$SPY$
Pressure on the broad market remains significant ahead of the January 16th monthly options expiration, exerting a dampening effect across various sectors. Overall, the outlook remains bullish after this week. However, this week SPY is likely to pull back towards 680, probably closing within the 680-690 range.

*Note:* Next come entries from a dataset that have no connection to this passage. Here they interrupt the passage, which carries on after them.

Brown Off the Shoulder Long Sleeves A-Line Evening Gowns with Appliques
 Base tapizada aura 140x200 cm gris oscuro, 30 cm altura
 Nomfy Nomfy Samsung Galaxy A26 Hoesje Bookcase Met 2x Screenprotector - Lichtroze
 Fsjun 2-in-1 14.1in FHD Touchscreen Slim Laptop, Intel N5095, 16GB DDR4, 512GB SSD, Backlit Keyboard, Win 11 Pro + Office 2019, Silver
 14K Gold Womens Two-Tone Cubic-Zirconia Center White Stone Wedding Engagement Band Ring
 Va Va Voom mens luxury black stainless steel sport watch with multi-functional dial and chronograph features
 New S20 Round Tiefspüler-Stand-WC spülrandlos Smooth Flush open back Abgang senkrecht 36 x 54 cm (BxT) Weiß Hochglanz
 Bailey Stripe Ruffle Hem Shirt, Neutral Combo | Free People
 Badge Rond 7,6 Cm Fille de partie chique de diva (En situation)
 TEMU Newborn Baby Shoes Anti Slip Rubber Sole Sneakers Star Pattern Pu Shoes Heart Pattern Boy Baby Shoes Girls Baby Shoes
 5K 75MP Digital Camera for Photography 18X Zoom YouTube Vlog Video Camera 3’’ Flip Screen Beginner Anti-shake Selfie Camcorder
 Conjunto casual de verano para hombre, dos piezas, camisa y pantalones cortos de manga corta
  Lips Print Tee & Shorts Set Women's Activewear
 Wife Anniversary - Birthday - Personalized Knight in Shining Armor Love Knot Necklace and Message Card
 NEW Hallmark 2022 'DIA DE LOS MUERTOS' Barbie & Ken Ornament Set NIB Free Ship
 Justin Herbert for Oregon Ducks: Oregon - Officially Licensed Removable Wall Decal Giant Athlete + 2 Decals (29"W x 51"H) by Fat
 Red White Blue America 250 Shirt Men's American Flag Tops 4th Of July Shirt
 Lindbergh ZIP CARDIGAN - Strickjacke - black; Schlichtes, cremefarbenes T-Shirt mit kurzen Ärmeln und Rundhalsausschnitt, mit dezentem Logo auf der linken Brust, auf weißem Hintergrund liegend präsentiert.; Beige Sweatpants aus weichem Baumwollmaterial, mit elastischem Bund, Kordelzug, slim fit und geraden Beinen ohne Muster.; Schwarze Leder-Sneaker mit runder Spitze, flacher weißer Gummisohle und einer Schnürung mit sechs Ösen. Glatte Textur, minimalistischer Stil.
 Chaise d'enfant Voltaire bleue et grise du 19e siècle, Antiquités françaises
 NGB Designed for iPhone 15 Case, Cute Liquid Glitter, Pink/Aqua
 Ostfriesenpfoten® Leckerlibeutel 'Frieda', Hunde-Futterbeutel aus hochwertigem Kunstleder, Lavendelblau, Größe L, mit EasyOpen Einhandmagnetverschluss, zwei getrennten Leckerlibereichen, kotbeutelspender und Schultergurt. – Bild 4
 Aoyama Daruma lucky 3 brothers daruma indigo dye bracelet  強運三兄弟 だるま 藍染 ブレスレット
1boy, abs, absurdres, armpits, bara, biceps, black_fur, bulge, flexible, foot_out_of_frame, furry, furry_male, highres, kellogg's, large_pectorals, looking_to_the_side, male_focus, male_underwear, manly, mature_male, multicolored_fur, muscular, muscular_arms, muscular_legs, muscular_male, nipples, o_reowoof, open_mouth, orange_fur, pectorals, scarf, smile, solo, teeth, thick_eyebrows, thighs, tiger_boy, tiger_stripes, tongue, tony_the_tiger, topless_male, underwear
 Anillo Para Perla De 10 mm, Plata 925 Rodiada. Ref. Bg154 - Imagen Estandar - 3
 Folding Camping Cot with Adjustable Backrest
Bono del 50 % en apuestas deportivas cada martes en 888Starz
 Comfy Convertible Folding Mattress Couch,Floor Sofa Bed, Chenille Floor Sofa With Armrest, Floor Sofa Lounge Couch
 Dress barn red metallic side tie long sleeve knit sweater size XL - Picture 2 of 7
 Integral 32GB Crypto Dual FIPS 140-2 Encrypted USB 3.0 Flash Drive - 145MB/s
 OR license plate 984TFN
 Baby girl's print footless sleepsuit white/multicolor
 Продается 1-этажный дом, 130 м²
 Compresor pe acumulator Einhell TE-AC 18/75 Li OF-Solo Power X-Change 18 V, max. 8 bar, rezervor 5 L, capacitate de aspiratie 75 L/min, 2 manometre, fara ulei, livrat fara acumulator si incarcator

Notably, during Tuesday's session, someone opened a large position buying 20,000 contracts of the January 23rd expiry VXX 30.5 call $VXX 20260123 30.5 CALL$ , with a notional value of approximately $700,000. The timing of the order was exceptionally precise.
$NVDA$
I'm now convinced that the volatility during the January monthly options expiration week is more unpredictable than during a regular triple witching week. After failing to break 190 during Tuesday's session, the price pulled back. A sizable bearish order was placed, buying the January 23rd expiry 177.5 put $NVDA 20260123 177.5 PUT$ . It's advisable to watch the timing of its closure.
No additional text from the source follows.